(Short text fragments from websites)
──────

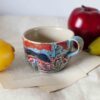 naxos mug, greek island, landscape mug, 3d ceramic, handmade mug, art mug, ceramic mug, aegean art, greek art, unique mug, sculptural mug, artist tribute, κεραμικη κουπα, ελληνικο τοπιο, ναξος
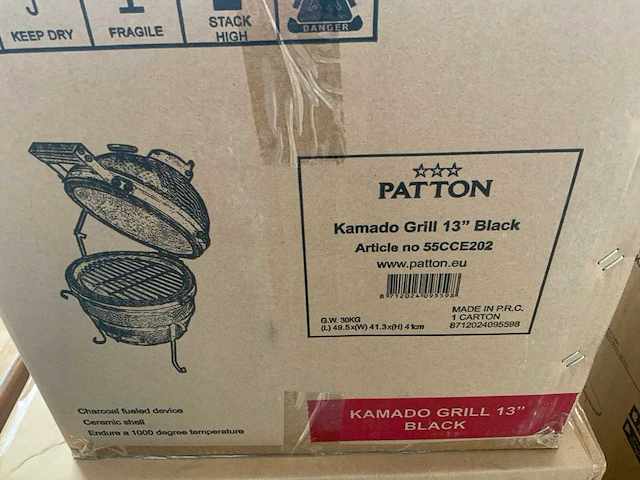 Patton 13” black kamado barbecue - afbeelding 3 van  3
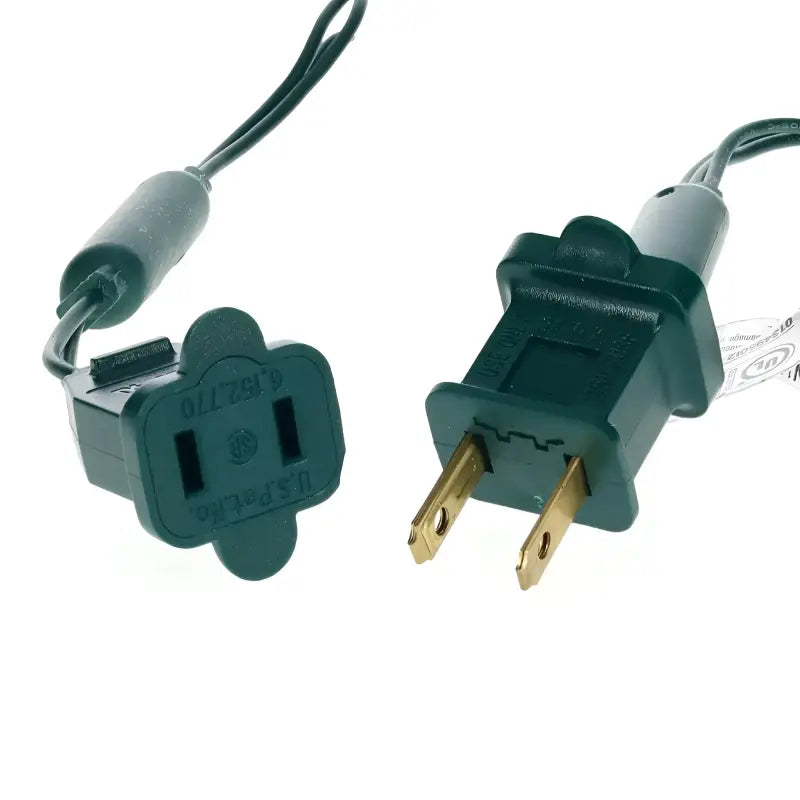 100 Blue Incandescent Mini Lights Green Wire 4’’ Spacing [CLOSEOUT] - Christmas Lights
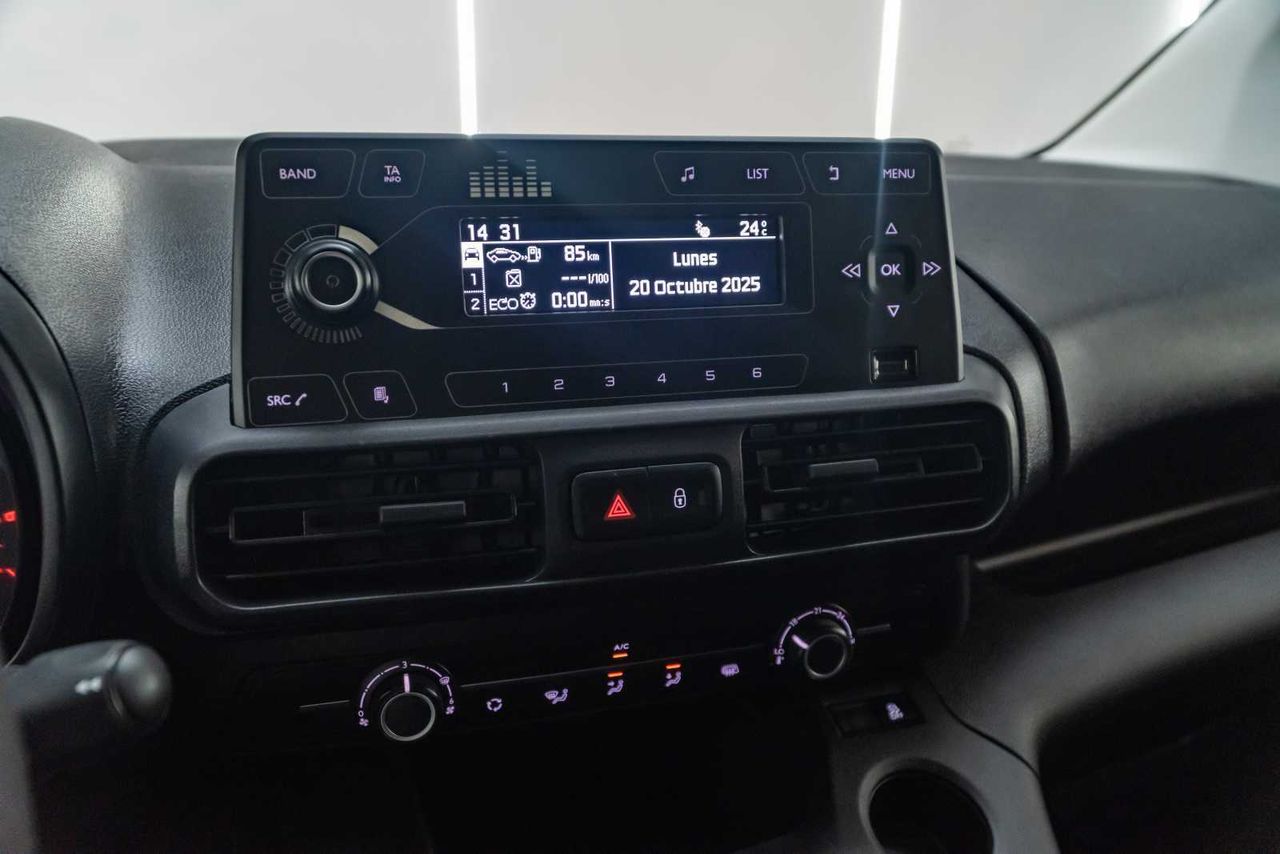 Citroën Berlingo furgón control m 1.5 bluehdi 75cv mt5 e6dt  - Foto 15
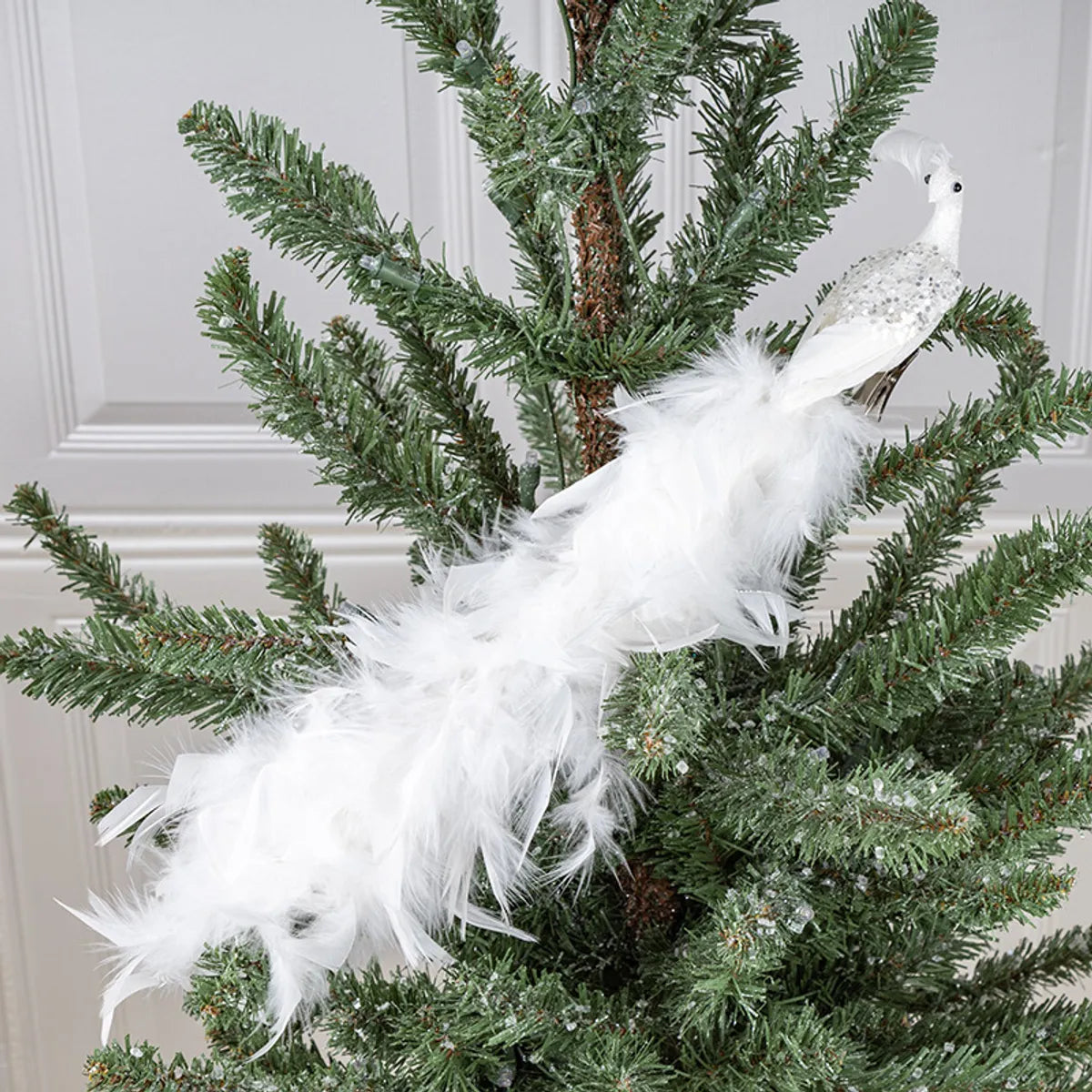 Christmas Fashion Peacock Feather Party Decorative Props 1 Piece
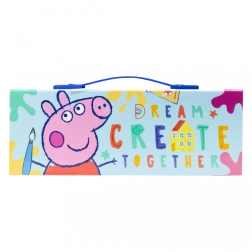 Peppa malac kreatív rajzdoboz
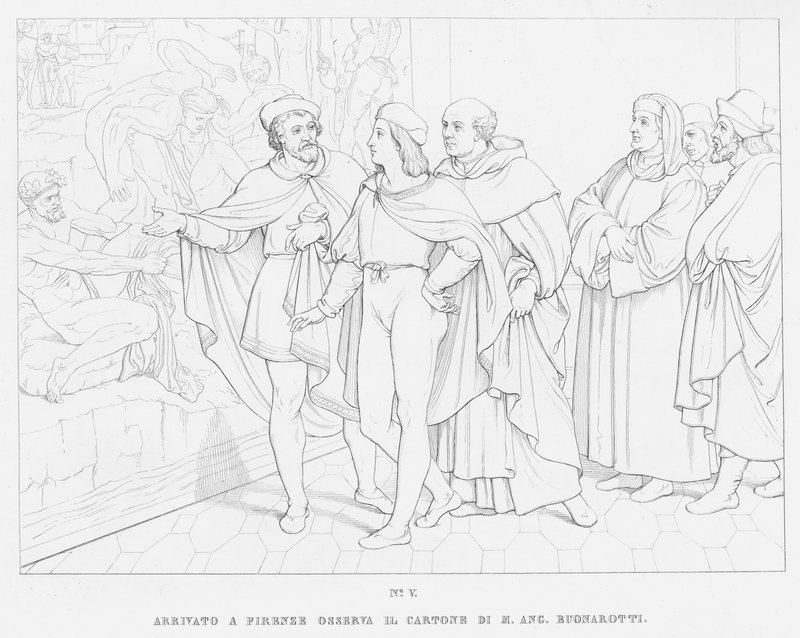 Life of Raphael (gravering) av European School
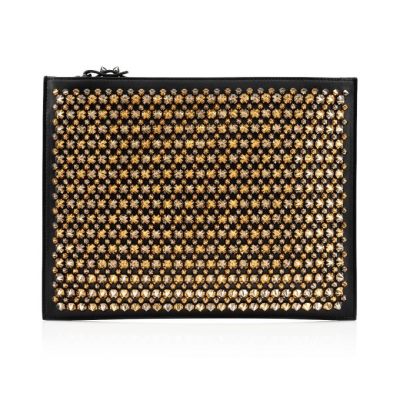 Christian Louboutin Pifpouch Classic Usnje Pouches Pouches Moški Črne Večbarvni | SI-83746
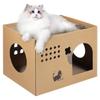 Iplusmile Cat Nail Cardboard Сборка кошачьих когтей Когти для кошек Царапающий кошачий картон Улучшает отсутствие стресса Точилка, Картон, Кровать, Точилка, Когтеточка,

──────

▶ WORK INSTRUCTION
For this exercise, set down exactly the lines that run from the line holding "Life of Raphael" to the last line of the records above; include both end lines and omit pictures.

▶ ANSWER SPACE
 Life of Raphael (gravering) av European School
 Christian Louboutin Pifpouch Classic Usnje Pouches Pouches Moški Črne Večbarvni | SI-83746
 Iplusmile Cat Nail Cardboard Сборка кошачьих когтей Когти для кошек Царапающий кошачий картон Улучшает отсутствие стресса Точилка, Картон, Кровать, Точилка, Когтеточка,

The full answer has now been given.